Il y a vingt-huit ans, le premier président de la République du Cameroun décédait à Dakar, au Sénégal. Sa dépouille n’est toujours pas retournée au bercail. Ce que Paul Biya considère comme “un problème d’ordre familial” ressemble de plus en plus à une affaire d’Etat.
Dans une interview accordée récemment à la chaîne de télévision française France 24, Paul Biya aborde la délicate question de la dépouille de son prédécesseur restée à Dakar depuis sa disparition le 30 novembre 1989. Paul Biya dit notamment : “ J’ai cru comprendre qu’il y avait un problème pour ce qui est de l’ancien président (…) Oui. Il y a eu des événements malheureux sur lesquels je ne reviendrai pas, en 1984, et l’Assemblée nationale, sur ma proposition, a voté une loi d’amnistie. Ceux qui ont vécu ces tristes événements ont retrouvé leurs droits, il y en a même qui sont au gouvernement. Le problème du rapatriement de la dépouille de l’ancien président est, selon moi, un problème d’ordre familial (…) ”.

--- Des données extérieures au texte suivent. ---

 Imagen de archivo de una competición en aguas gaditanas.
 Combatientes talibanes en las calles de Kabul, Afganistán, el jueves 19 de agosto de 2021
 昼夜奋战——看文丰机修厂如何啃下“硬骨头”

Le chef de l’Etat ajoute d’ailleurs qu’il n’a pas d’objection au retour de ladite dépouille : “ Je dois dire que le fils de mon prédécesseur est député. Je n’ai pas de problème avec la famille de mon prédécesseur. Ses filles et fils vont et viennent et personne ne les a jamais inquiétés. Si la famille de mon prédécesseur décide de faire transférer les restes du président, rapatrier Ahidjo, c’est une décision qui ne dépend que d’eux. Je n’ai pas d’objection ni d’observation à faire ”, souligne-t-il.
Ahmadou Ahidjo
Photo: © Archives
Cela signifie-t-il que la famille de feu Ahmadou Ahidjo n’a jamais formulé le vœu ou la demande de rapatriement de la dépouille de l’intéressé auprès des services compétents en la matière ? Paul Biya veut-il dire que c’est la famille d’Ahidjo qui ne voudrait pas faire revenir les restes de l’ancien président de la République ? En réduisant le rapatriement de la dépouille d’Ahmadou Ahidjo à “ un problème d’ordre familial ”, le chef de l’Etat se rend-il compte qu’il fait de son prédécesseur un simple et ordinaire citoyen ?

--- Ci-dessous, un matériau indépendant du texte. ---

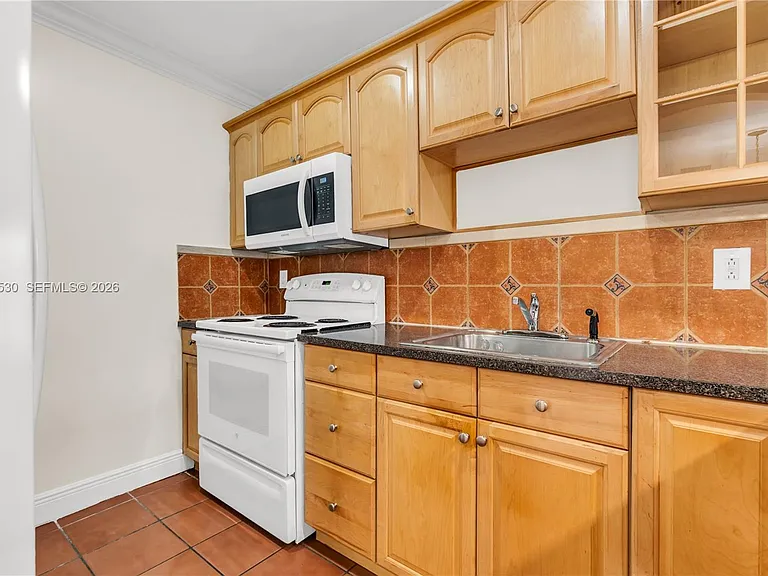 15350 SW 72nd St #24 — Photo 8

C’est visiblement à ce niveau que le problème ou le malentendu apparaît dans la perception de l’affaire par la famille de feu Ahmadou Ahidjo et le régime du Renouveau. Incompréhension Dans un long entretien accordé à Jeune Afrique Economie (N° 169, juillet 1993), l’ex-première dame et veuve de Ahmadou Ahidjo faisait des précisions qui restent d’actualité sur cette question.
Germaine Habiba Ahidjo indiquait avec fermeté ce qui suit : “ Je tiens à rappeler qu’Ahidjo était un chef d’Etat. Il n’appartient pas qu’à sa famille. Il appartient en premier lieu au peuple camerounais. Il n’est pas un simple citoyen. Il a été président de la République dans son pays, et il a été enterré ici (ndlr, à Dakar) par un président de la République (ndlr, Abdou Diouf). (…) Tout ce que je peux dire, c’est que l’on a fait en sorte que si un jour il devait rentrer au Cameroun, ce soit possible, dans le respect des rites de notre religion. Le reste ne m’appartient pas ”, avait-elle déclaré. Elle vit toujours à Dakar, au Sénégal, auprès de la tombe de son mari devant laquelle elle s’incline régulièrement.
Elle continue d’attendre un geste de réconciliation, dans le silence et la dignité, et avoue ne pas comprendre “toutes ces successions d’événements malheureux qui ont eu lieu et qui n’auraient pas dû arriver”. L’incompréhension qui règne globalement entre la famille d’Ahmadou Ahidjo et le régime de Paul Biya est à l’origine du statu quo sur le dossier relatif au retour de la dépouille d’un des pères fondateurs de l’organisation panafricaine. Emile Derlin Zinsou, ancien président du Dahomey (actuel Bénin), dans son oraison funèbre, à l’attention de son “ami et frère Ahidjo” fit ce témoignage pathétique : “ Heureux ceux qui meurent en laissant des traces, un sillon. Les sillons que tu as creusés attesteront longtemps encore aux yeux des générations qui se succèdent ce que tu fus que nul n’oserait contester : le bâtisseur, le père du Cameroun moderne. A la vérité, tu n’eus qu’une seule passion : le Cameroun (…) Nul ne pourra t’interdire d’histoire et empêcher que celle-ci, sereine et impartiale, dise que tu fus de ta patrie et de l’Afrique un grand et digne fils”.
Appelé “fantôme” par un ancien ambassadeur du Cameroun à Paris, lui-même décédé quelques années plus tard, Ahmadou Ahidjo reste et demeure le premier président de la République du Cameroun. Il aima son pays à sa façon. On peut lui reprocher son rôle dans l’assassinat de nombreux nationalistes camerounais et, surtout, la décapitation de l’Union des populations du Cameroun (Upc).
Chacun récolte ce qu’il a semé. Il n’a jamais eu droit à des obsèques nationales. Il s’est brouillé avant sa mort avec Paul Biya qui tarde à lui accorder, même à titre posthume, un dernier hommage. Affaire de famille ou affaire d’Etat ? L’histoire jugera.